Is there a creativity deficit in science? - quesera
http://arstechnica.com/science/2014/09/is-there-a-creativity-deficit-in-science/
======
snowwrestler
It's not just government funding. It seems that even most scientists and fans
of science are hostile to research projects that seem to contradict known
facts or trusted theories.

For example, consider the recent report from NASA's Advanced Propulsion lab on
a weird microwave resonance chamber that supposedly produces an anomalous
thrust when powered up. In their initial test, they found a force that they
could not explain as error, and recommended a more rigorous set of testing.

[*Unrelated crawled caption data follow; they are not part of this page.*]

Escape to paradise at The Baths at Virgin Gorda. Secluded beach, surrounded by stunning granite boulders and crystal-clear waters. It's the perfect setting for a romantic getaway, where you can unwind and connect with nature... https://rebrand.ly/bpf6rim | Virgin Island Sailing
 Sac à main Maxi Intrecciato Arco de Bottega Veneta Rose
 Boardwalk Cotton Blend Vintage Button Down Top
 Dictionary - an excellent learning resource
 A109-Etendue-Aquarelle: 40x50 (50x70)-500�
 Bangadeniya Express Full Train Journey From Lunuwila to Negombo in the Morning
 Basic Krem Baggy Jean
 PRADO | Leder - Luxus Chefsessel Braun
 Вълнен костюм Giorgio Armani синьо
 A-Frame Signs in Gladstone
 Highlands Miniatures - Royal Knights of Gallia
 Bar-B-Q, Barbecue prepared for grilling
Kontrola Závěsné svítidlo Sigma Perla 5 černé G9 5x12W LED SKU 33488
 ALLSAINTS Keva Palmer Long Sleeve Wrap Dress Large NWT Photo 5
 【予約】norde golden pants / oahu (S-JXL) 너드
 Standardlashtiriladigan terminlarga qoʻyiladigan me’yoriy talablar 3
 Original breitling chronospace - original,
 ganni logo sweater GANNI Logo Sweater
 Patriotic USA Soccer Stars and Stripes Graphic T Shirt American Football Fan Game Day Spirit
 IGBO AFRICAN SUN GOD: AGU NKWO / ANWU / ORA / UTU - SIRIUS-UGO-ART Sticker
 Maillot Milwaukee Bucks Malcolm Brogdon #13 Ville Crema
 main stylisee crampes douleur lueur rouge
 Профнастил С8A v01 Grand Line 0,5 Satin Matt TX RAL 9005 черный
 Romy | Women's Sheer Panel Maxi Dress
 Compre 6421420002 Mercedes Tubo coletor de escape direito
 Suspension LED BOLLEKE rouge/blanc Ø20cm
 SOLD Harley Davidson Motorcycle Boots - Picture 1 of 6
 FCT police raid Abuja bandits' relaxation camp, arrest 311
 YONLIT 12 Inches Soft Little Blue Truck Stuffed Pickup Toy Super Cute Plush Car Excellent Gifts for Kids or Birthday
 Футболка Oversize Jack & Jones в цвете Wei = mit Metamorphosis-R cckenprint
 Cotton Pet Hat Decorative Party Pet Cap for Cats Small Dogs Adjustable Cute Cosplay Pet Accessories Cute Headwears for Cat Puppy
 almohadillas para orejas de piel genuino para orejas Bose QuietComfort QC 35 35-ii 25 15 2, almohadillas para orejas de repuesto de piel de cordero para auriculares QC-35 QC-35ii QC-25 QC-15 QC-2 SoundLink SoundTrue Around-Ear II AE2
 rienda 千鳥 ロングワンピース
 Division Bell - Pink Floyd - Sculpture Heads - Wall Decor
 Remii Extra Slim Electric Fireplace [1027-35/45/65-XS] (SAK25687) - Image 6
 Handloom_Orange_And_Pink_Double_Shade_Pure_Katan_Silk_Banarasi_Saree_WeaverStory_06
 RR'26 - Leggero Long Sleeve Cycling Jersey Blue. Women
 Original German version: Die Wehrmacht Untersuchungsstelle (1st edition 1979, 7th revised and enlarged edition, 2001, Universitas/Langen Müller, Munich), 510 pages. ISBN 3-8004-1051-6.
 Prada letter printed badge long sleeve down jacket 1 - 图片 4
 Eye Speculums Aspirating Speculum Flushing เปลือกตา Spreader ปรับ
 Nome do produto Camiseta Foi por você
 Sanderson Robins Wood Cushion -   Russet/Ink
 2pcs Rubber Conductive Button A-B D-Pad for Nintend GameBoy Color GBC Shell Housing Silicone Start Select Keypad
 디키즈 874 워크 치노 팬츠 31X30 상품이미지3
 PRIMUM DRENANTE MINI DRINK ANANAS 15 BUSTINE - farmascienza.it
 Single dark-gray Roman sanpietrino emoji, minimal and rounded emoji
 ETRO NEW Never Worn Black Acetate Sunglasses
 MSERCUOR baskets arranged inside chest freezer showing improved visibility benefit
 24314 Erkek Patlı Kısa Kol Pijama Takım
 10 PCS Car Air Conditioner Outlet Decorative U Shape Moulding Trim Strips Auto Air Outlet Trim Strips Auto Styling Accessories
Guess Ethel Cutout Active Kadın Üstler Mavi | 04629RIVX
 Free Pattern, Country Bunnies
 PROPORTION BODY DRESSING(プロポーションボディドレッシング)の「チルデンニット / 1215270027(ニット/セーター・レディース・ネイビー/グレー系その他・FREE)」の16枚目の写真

Keep in mind that this is a respected institution (NASA), that is funding a
small team of people to check out ideas that seem crazy. It's exactly what
this article says we need more of.

Yet, the reaction was visceral mockery and rejection, even from other
professional scientists. Not even a "hmm, that's really weird, we should keep
checking this out." It was more like, "you stupid idiots, don't you know
that's impossible??"

It's a cultural problem in the U.S. that seems to go well beyond funding. The
public supporters of science have become so focused on fighting culture wars
against "bad science" that their default reaction to anything surprising is to
attack attack attack.

When in fact the whole point of science is to find things that seem
unexplainable, and then try to find an explanation.

------
fsk
If you're a scientist, it's best for your career to do small incremental
improvements on previous research. That guarantees a steady stream of
publications.

If you go for a big idea and are wrong, then your career is over.

Also, peer review is censorship. If you're doing something radically
different, it's less likely to pass peer review.